Anxiety is the most common mental health condition in Australia, so innovative new event The Big Anxiety Festival should be well-attended. Launching in Sydney from September 20 through November 11, the new festival is an initiative developed by UNSW and the Black Dog Institute, along with over 25 partners across Greater Sydney. Bringing together artists, scientists, technologists and thinkers, the two-month festival aims to use art as a means to transform the way people think about and deal with mental health.
The inaugural festival will present over 60 events across Sydney with hubs located at Circular Quay's Customs House, Riverside Theatre in Parramatta and UNSW, with five major themes on focus — awkward conversations, lived experiences, the 'NeurodiverseCity', mood experiments and power, politics and institutions.

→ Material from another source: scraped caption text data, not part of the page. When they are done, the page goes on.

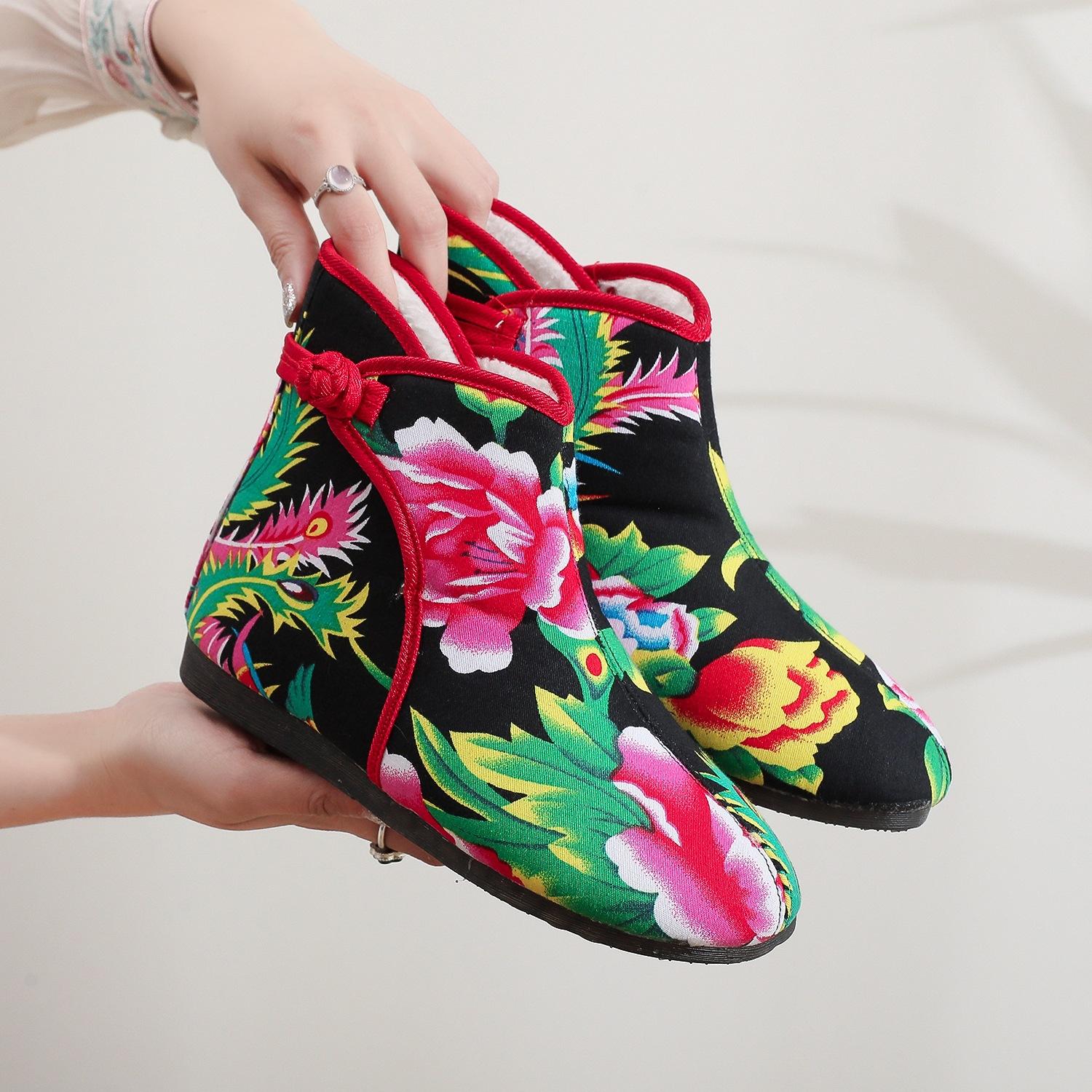 

Old Beijing cotton shoes, autumn and winter velvet thickened flower cloth shoes warm shoes, middle-aged and elderly cotton shoes non-slip soft-soled 40 чорний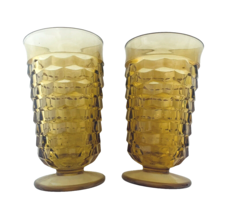 Whitehall Indiana Glass Colony Cubist Amber Footed Iced Tea Water Tumblers Two - £16.27 GBP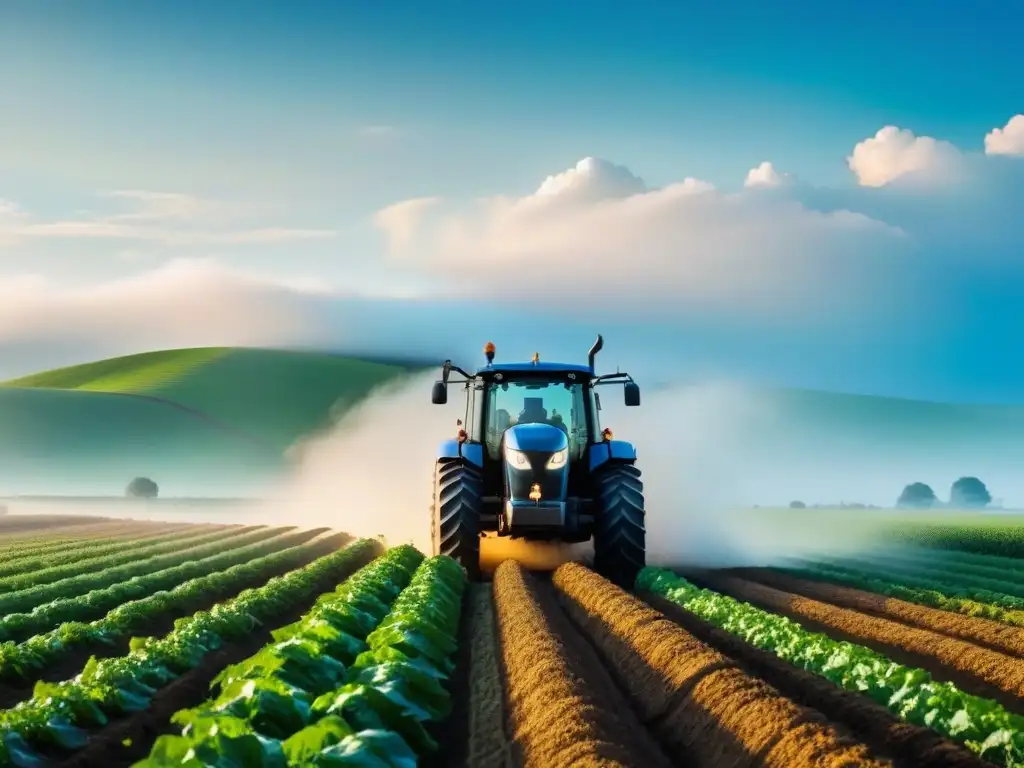 Un campo verde exuberante con un tractor moderno plantando cultivos de forma eficiente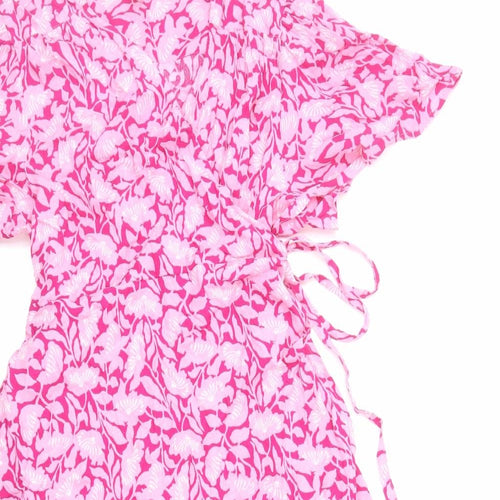 Per Una Womens Pink Floral Viscose A-Line Size 18 V-Neck Tie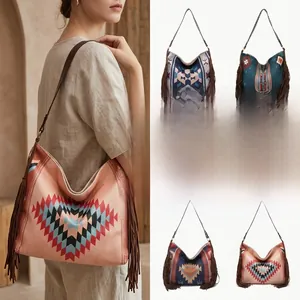 Detail of bohemian tassel shoulder bags in four colors with geometric patterns and PU material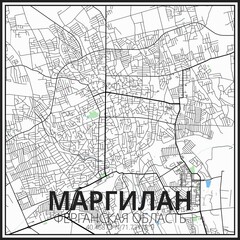 Illustration, city map 
 Margilan Uzbekistan.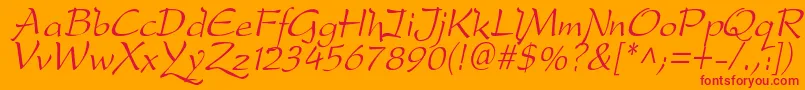 DfdroI-Schriftart – Rote Schriften auf orangefarbenem Hintergrund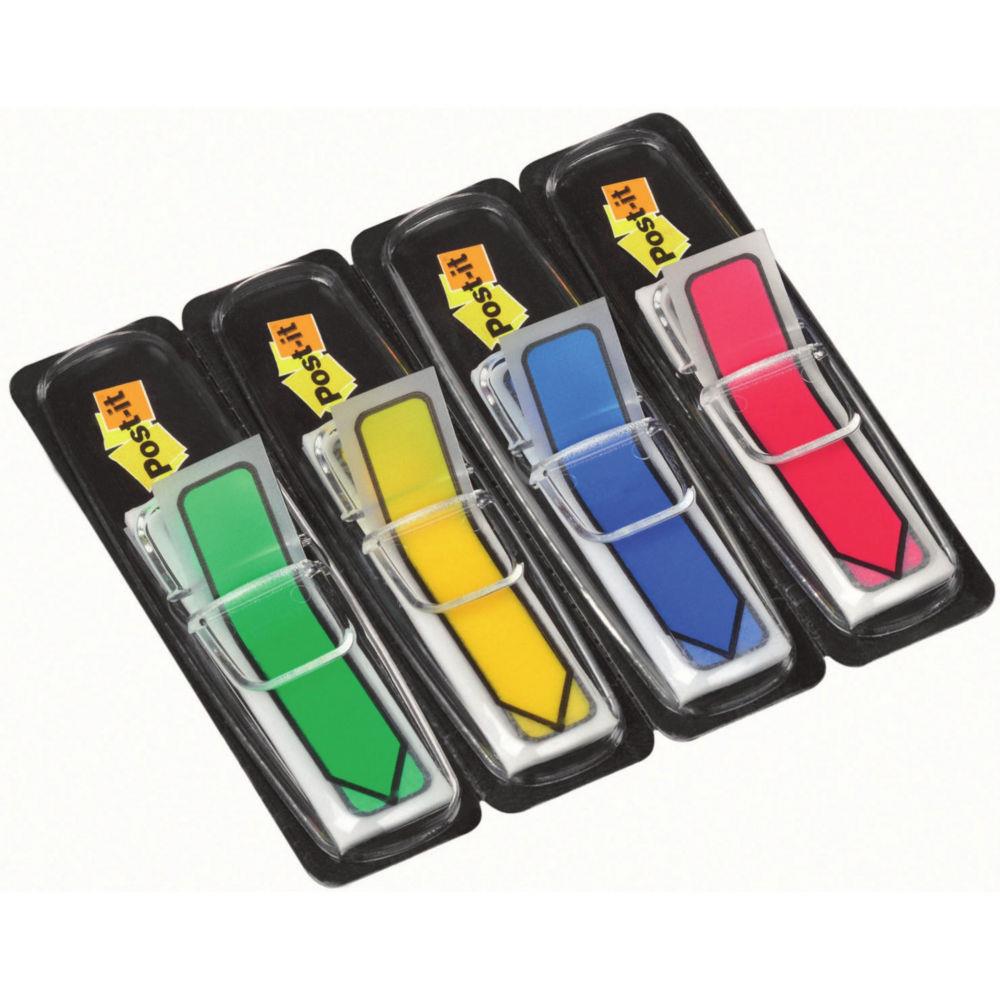 Set de 4 x 24 Index format troit - impression flche - 1,2 x 4, 4 cm - coloris assortis classiques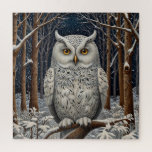 Elegant boho white owl woodland winter forest jigsaw puzzle<br><div class="desc">Immerse yourself in the enchanting allure of this elegant bohemian owl artwork, where nature's elegance meets timeless artistry. Set against a lush winter forest backdrop, this exquisite piece captures the serene beauty of a pristine woodland landscape, rich with intricate details of the snow covered trees against midnight blue starry sky,...</div>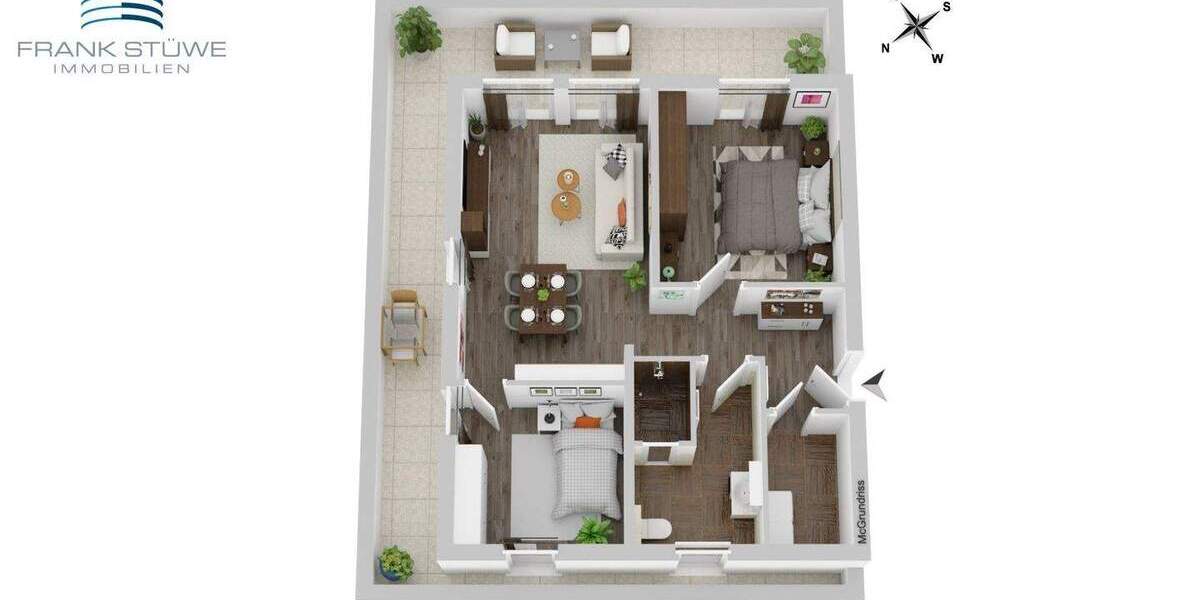 Terrassenwohnung Klink - 3 Zimmer, 72 m&sup2;, 1.100&euro; | Angebot:25665467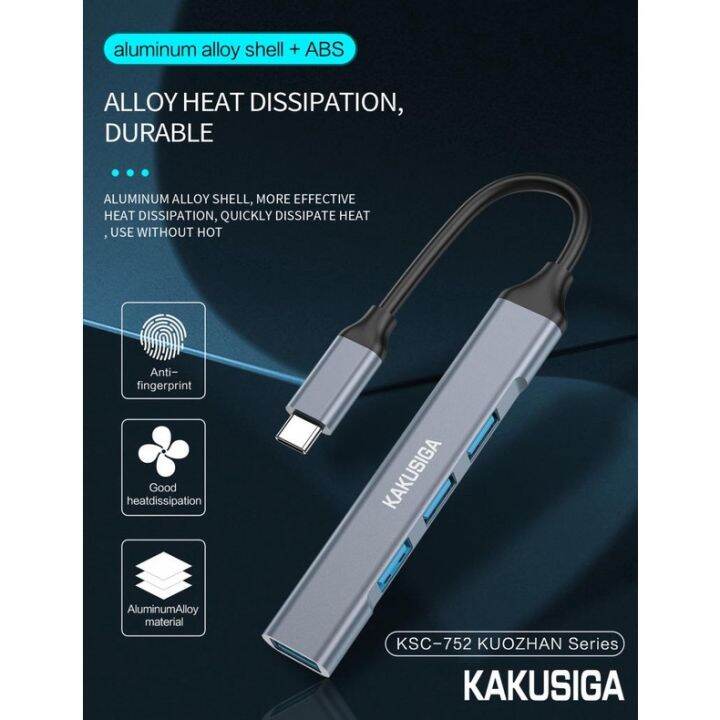 kakusiga-ksc-752-hub-4in1-converter-type-c-to-usb-3-0-usb-2-0-3-dark-color-5gbps-480mbps-9a-usb3-0-5v0-5a-usb2-0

The immersive exhibitions will include the world's highest resolution 3D cinema, international art shows, theatrical performances, contemporary dance, interactive media events and public forums for all ages.
A highlight of the program includes a design competition, during which students will build 'relaxation pods' that they feel encourage strong mental health. The pods will be designed in collaboration with specialist architects and be exhibited during the festival. Participation will also contribute to mental health research, with Black Dog Institute measuring the social and health benefits throughout the festival events.
According to the ABS National Survey of Mental Health and Wellbeing 2007, anxiety is the prominent mental health condition in Australia, with one in four people experiencing anxiety at some point. Add to that, 65 percent of Australians with a mental health problem don't seek help according to the NSW Mental Health Commission. The Big Anxiety Festival hopes to change all that by creating meaningful interactions that expand awareness, support neurodiversity and promote mental health.
The festival will run from September 20 to November 11, with the full program available here. The majority of events are free and wheelchair accessible, with select events Auslan interpreted, audio described, and with tactile tours.
Image: Nick Cubbin.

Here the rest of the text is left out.